Always consider the clients the agent represents; are the authors well-known? Has the agent sold recently to large publishing houses?
Never pay an agent before he/she sells your book. Never submit to an agent that charges reading fees, this in most cases is a scam and will lead a writer to the path of regret.
There are reputable agents however that do charge for postage and photocopying.
It is wise to look into the agent's member association; one of them is the Association of Authors' Representatives Inc. (AAR). The agent has to subscribe to Canon of Ethics to meet eligibility requirements to become a member.
Where to find an agent
There are numerous ways to find an agent
• You can contact an author; most often they are gracious enough to give the name of their agent.
• For writers living in the U.S. there's the Literary Marketplace which can be found at the local library. In Canada there's The Canadian Writer's Market
• You can join an organization such as RWA
• Historical Novel Society
• The Society of Childrens Book Writers & Illustrators
• And many more; here's a site to other organizations; eBook Crossroads Directory of Writers Associations
• Enter a contest that you know the final judges are a reputable agent
Before submitting to an agent I recommend looking at Predators and Editors to see the standing of the agent you’re interested in.
Submitting to an agent
When submitting to an agency, give them time to respond. This all depends on what you submitted; for example if it's a query letter, sample chapters or if it's the whole manuscript. Also it depends on how you sent it, whether it's snail mail or e-mail. Unfortunately, there’s no set time for agencies to respond, each has their own time limit. Some can respond within 24 hours of an e-mail while others can take up to 2 to 3 months. If you’re concerned that your material hasn’t reached them, a simple e-mail or postcard of inquiry in most cases is acceptable.
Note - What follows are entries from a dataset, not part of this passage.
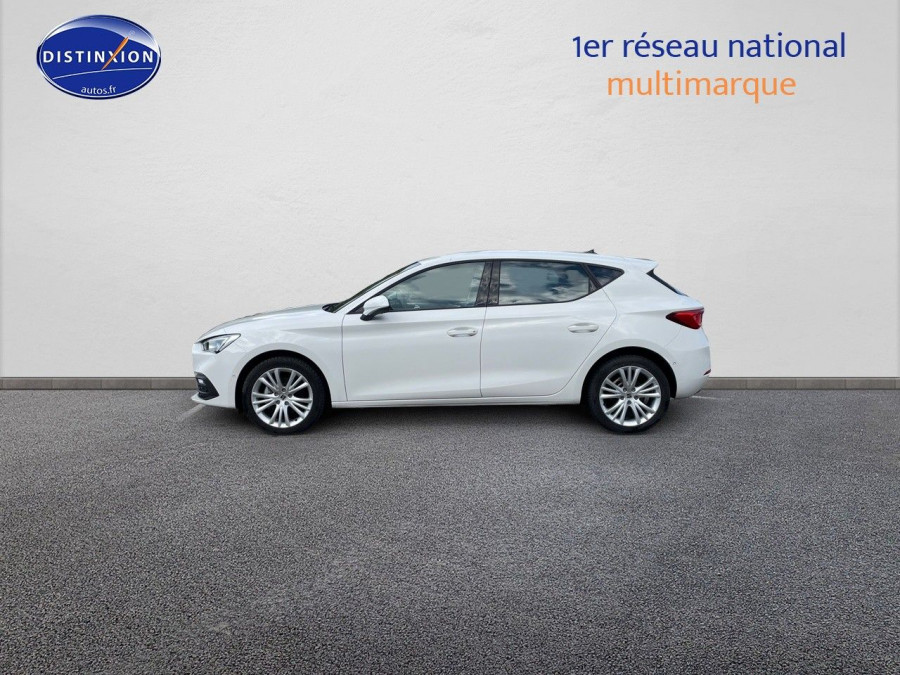 SEAT LEON IV 1.5 ETSI 150CH BVA7 SPECIALE EDITION occasion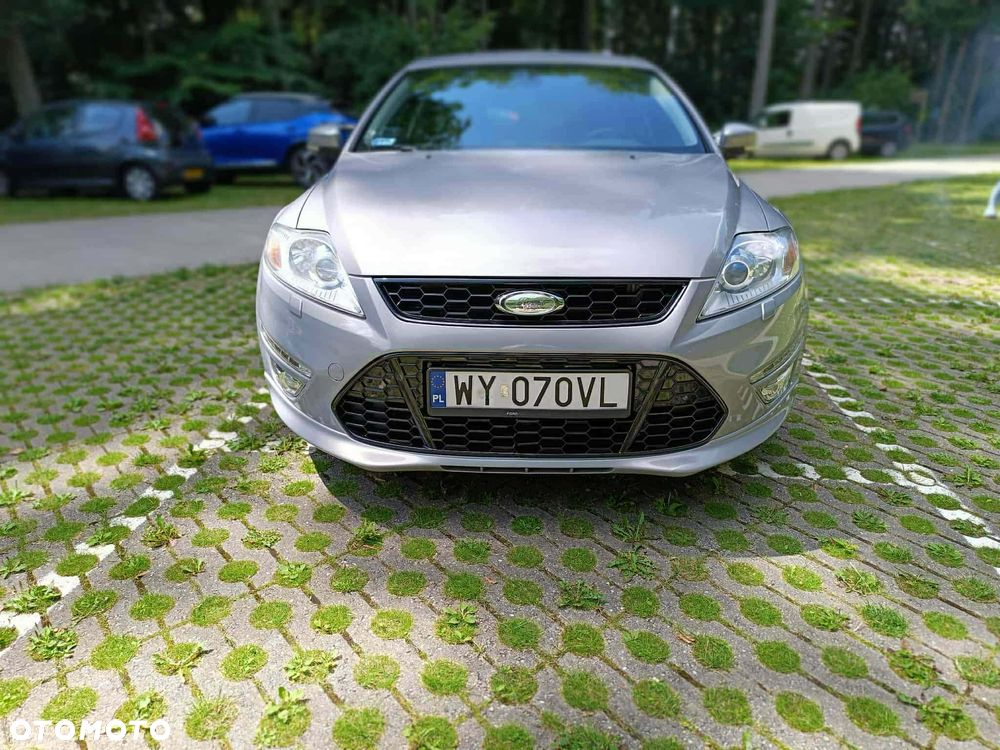 Ford Mondeo - 2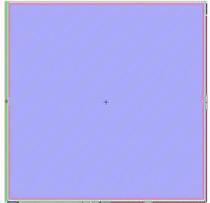 Silicon photodiode chip LXD-PD66 visible light to near infrared chip area: 6 * 6mm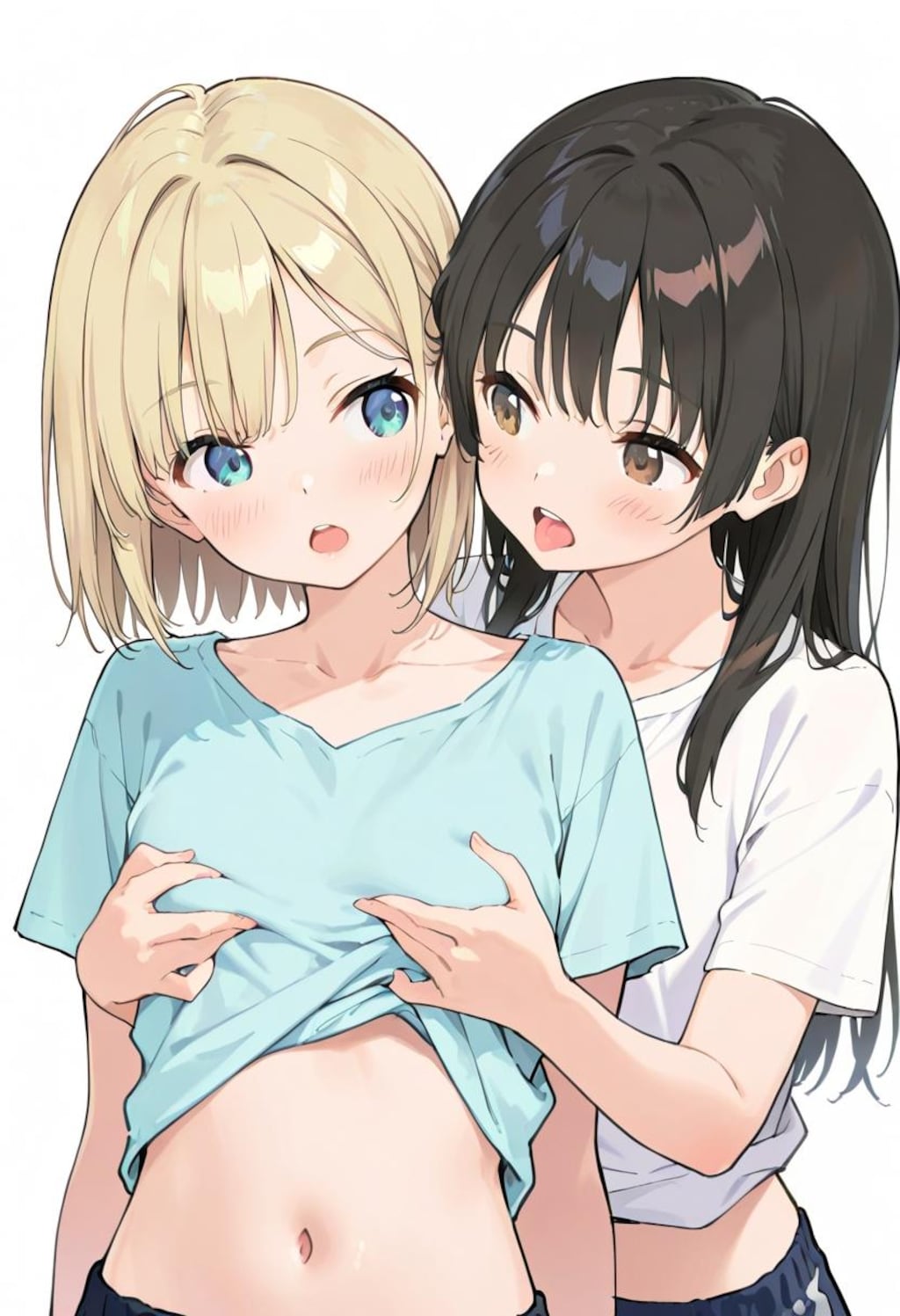仲良し タッチ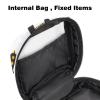 Women's Menstrual Pad Storage Bag, Skull-2070 view 4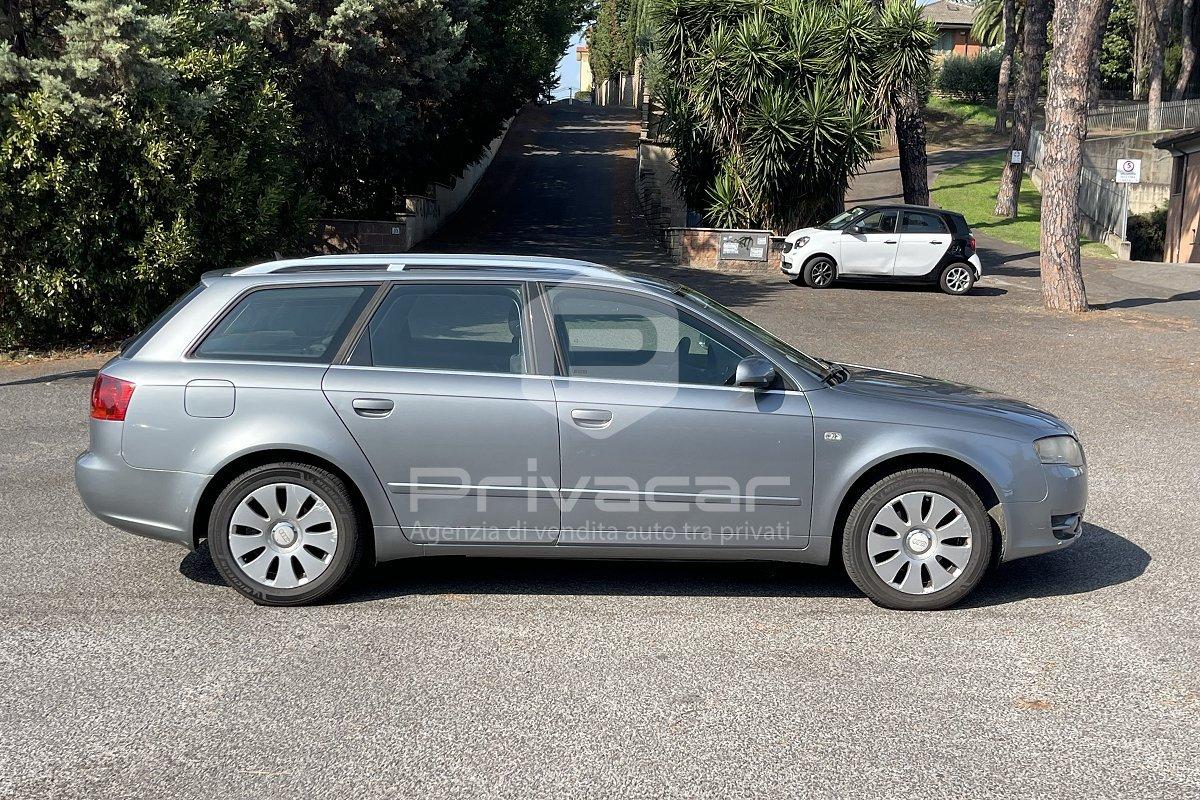 AUDI A4 2.0 16V TDI Avant
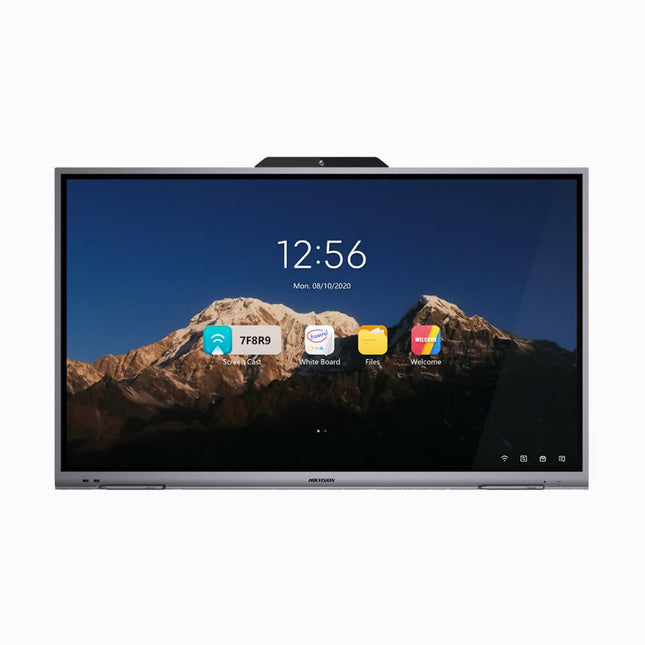 Hikvision 65-inch 4K Interactive Flat Panel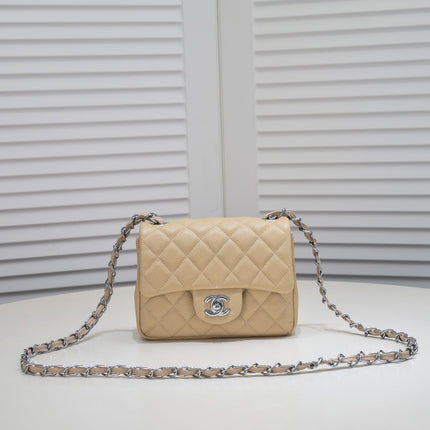 MINI CAVIAR 17CM 1115 PALE BROWN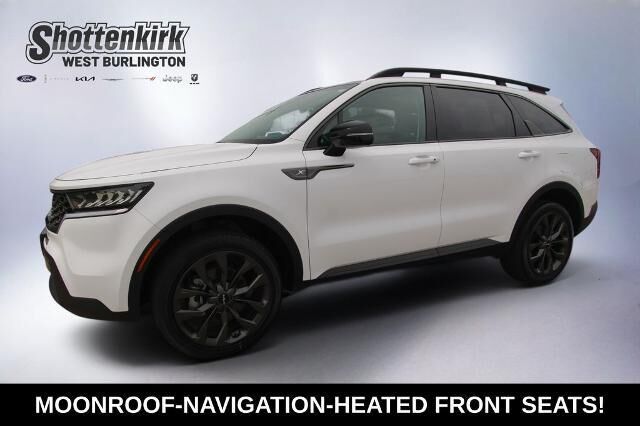 2023 Kia Sorento X-Line EX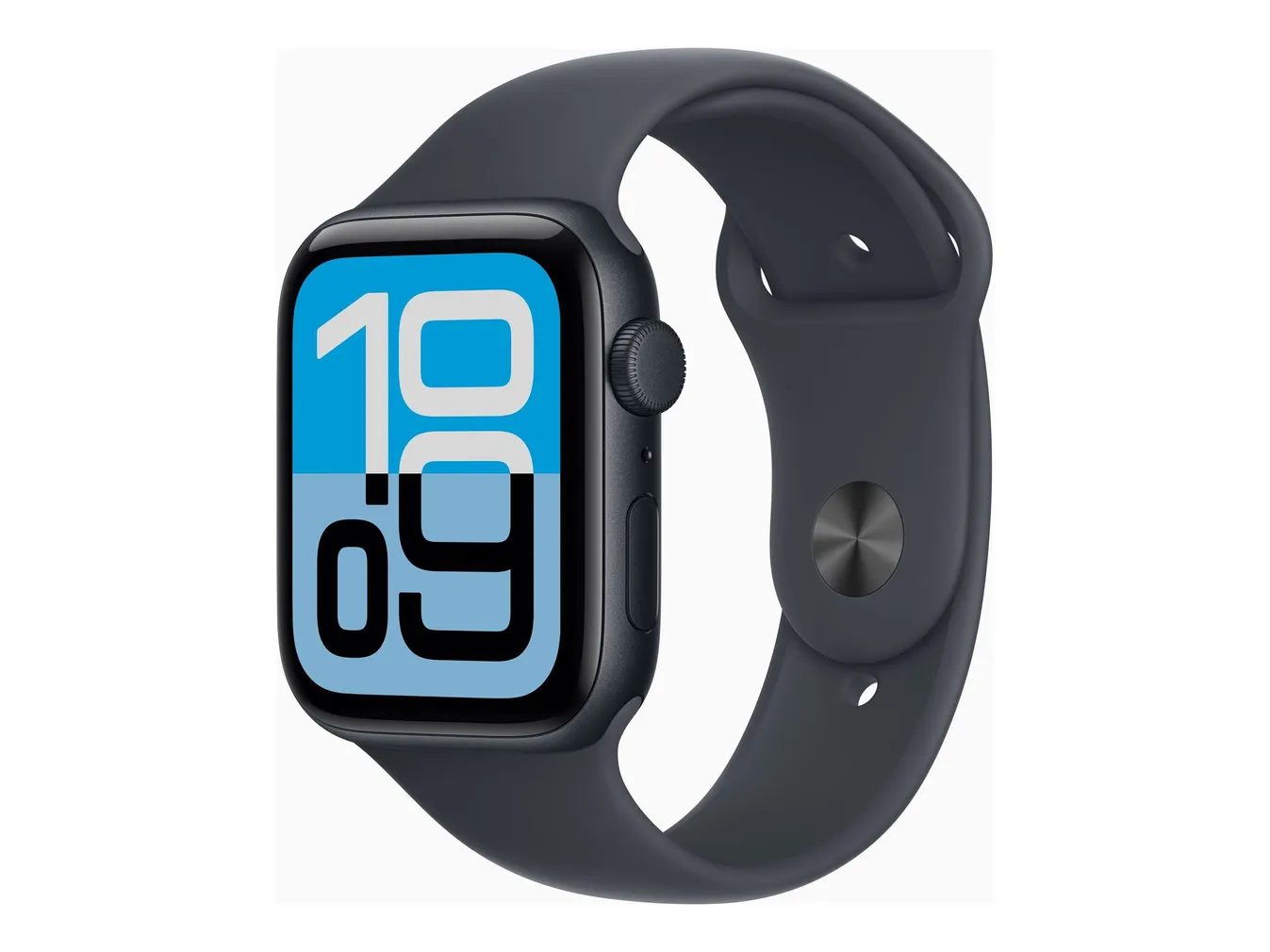 NUTIKELL APPLE WATCH SE 3 GPS 44MM BLACK S/M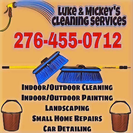 Luke & Mickey's Cleaning Services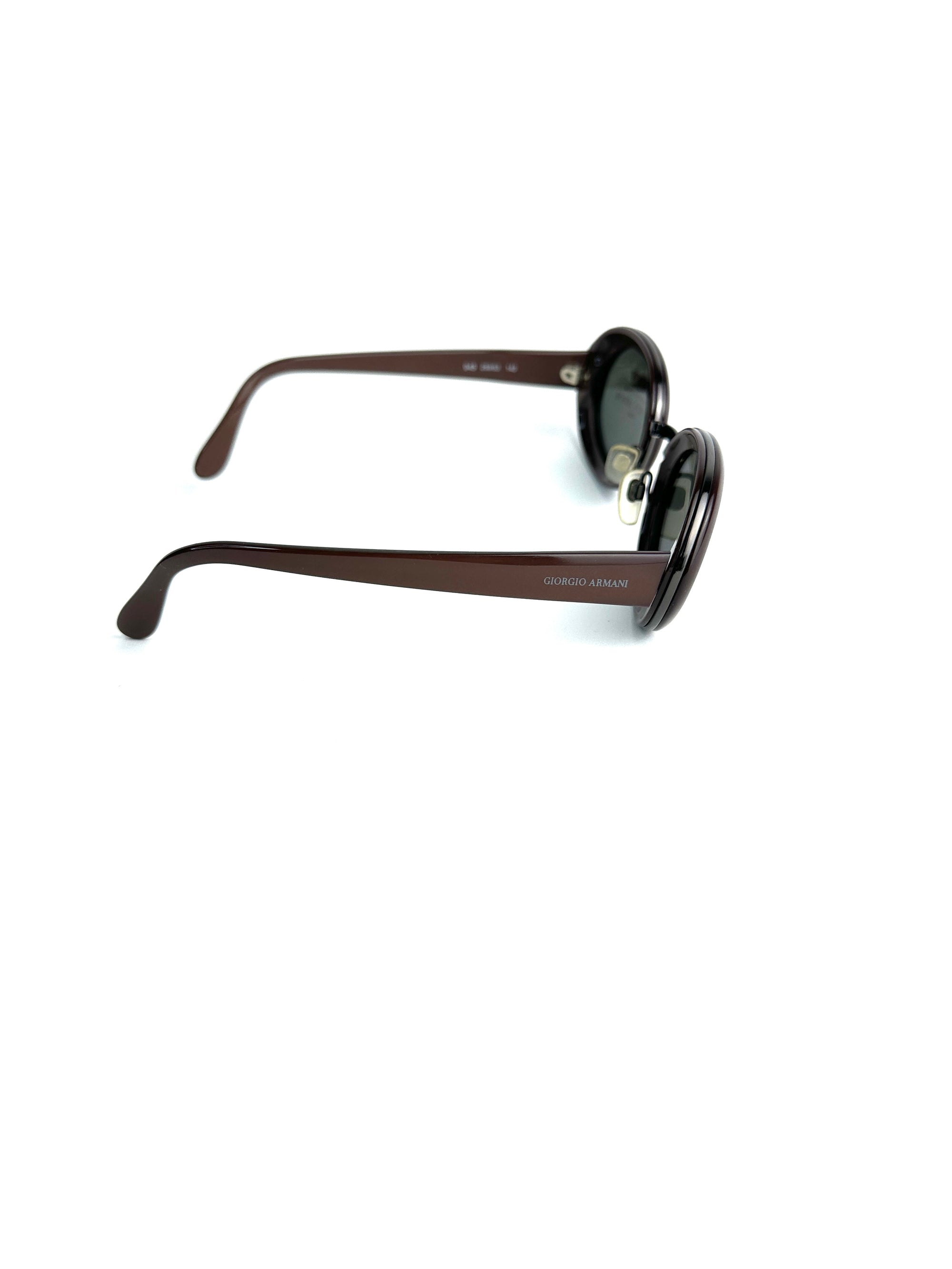 EMPORIO ARMANI 945 marron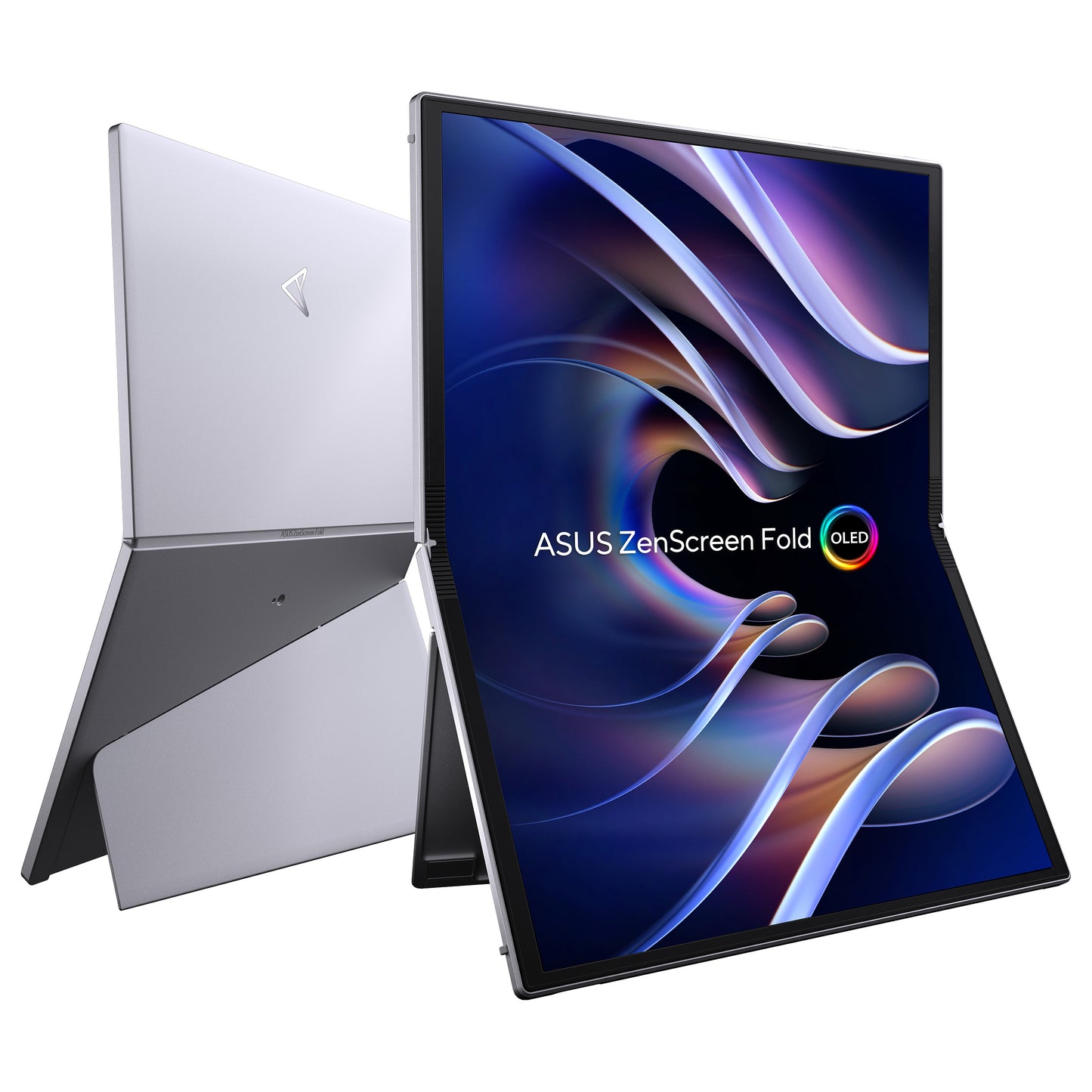 ASUS ZenScreen Fold MQ17QH 43.94cm (4:3)OLED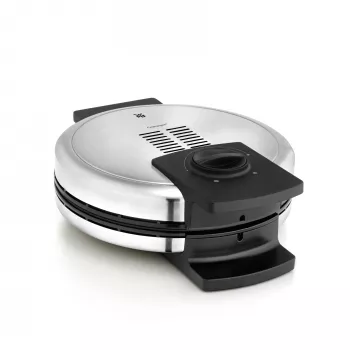 WMF Lono 04.1521.0011 vaflinė 5 vafliai 900 W Juoda, Chromas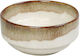 Espiel Essentials Ceramic Cereal Bowl Μπεζ with Diameter 10εκ. 1pcs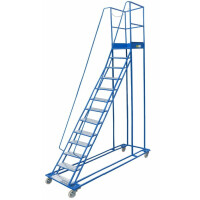 Schody jezdne wys. pomostu h-2990 mm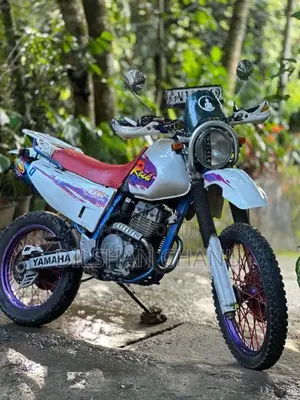 Yamaha TTR 2010 Motorbike (Used)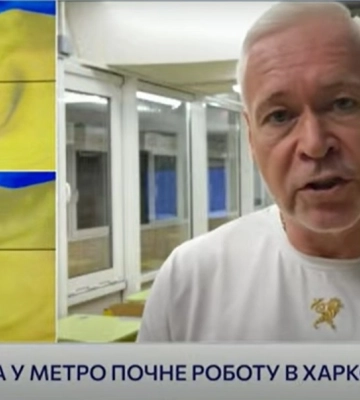 Метро-школа в Харкові дозволяє навчатися дітям у дві зміни – Терехов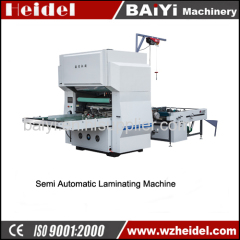 Semi-automatic Vertical type Laminating Machine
Always be gracious and thank them for their time. Remember agents receive hundreds of proposals each week; they’re juggling writers, publishers, contracts etc. Don’t get on their bad side by e-mailing them multiple times on whether they read your work and definitely refrain from calling them.
The importance of a query letter
This is your one true pitch in capturing an agent's eye.
Number one; make certain you spell the agent's name correctly; if you don't, this is one sure way of shooting yourself in the foot.
The first paragraph should have the name of your manuscript; the genre, time period it’s set in and the word count; you should also mention if your work is completed.
The second paragraph is where you give a brief description of your story. Think of it like the blurp on the back of a novel. Try to keep it within 100 words. Remember you're trying to sell your manuscript to the agent--it has to outshine the other proposals that may be on their desk.
In the closing of the query mention your qualifications; are you familiar with the field you're writing in; have you published before, belong to any organizations, won any awards or finalized in any contests, are you a freelance writer, Blogger, avid reader...
Finally, at the end of your query mention if your manuscript has been sent out to other agents or editors; this is a professional courtesy. Like a resume, give the agent your contact information.
If you send your proposal through snail mail always include a self-addressed stamped envelope (SASE) for their reply. If you live outside of the country, the easiest way to get a reply is to include your e-mail for their response.
Always thank them for their time and consideration.
As for you the writer, instead of feeling restless while you wait for their reply you can put that energy into starting on your next project.